En cualquier caso, mi caballo negro de ojos verdes y blanca crin sigue esperando en el ático mejores tiempos en los que volver a trotar por las infinitas praderas del oeste. Mi fiel caballo siempre se ceñía al papel que cada día le asignaba su caprichoso jinete. Un día era un bravo caballo indio, otro un corcel que se batía en un torneo medieval o iba en retirada tras apoderarse del botín de la diligencia... aventuras vividas en los escasos metros de la sala donde yo pasé mi infancia.

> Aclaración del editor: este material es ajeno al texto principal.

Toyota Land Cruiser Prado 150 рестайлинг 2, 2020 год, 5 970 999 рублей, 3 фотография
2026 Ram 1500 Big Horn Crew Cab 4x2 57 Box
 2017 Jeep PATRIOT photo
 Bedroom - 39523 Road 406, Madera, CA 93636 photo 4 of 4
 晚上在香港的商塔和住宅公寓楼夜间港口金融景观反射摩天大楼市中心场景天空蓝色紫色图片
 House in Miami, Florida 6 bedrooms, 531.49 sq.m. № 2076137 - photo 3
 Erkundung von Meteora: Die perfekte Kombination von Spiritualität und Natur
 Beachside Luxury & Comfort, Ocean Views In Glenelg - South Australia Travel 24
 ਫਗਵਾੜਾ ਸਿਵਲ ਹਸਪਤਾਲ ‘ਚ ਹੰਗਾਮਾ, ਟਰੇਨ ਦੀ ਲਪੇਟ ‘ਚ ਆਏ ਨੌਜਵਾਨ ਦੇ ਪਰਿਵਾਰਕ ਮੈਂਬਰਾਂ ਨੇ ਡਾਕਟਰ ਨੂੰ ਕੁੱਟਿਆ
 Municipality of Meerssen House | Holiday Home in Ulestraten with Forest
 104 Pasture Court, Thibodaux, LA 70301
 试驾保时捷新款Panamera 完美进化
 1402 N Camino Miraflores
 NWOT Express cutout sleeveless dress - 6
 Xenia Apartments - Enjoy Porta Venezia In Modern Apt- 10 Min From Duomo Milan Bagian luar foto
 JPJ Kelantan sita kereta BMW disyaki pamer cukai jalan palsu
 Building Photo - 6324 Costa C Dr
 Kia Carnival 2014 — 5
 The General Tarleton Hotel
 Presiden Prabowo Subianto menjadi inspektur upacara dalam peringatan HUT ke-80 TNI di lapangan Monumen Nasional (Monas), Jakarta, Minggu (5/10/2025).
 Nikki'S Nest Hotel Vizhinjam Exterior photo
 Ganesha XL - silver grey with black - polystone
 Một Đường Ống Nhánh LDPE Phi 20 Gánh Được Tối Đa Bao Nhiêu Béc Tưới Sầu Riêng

Nunca me paré a pensar en darle de comer, vacunarle, desparasitarle o ponerle el chip equino(¿...?). Tampoco de buscar un establo donde descansar de sus correrías ni de una caravana donde transportarle de aventura en aventura. Sin contar las clases de equitación, el equipamiento adecuado y otro tipo de gastos que a fecha de hoy me sumirían en un mar de facturas y quebraderos de cabeza.
Cuando era niño mi caballo y yo recorríamos el mundo por tierra, mar y aire porque mi bello caballo negro también volaba y trotaba sobre las aguas como tocado por un poder divino...
Si, un día fui niño y soñaba despierto. La madurez aparcó en el trastero mi infancia y cerró bajo llave mi imaginación, esa clase de maravillosa ensoñación que me dejaba viajar sin equipaje y de la que siempre volvía cargado de maravillosas historias y aventuras.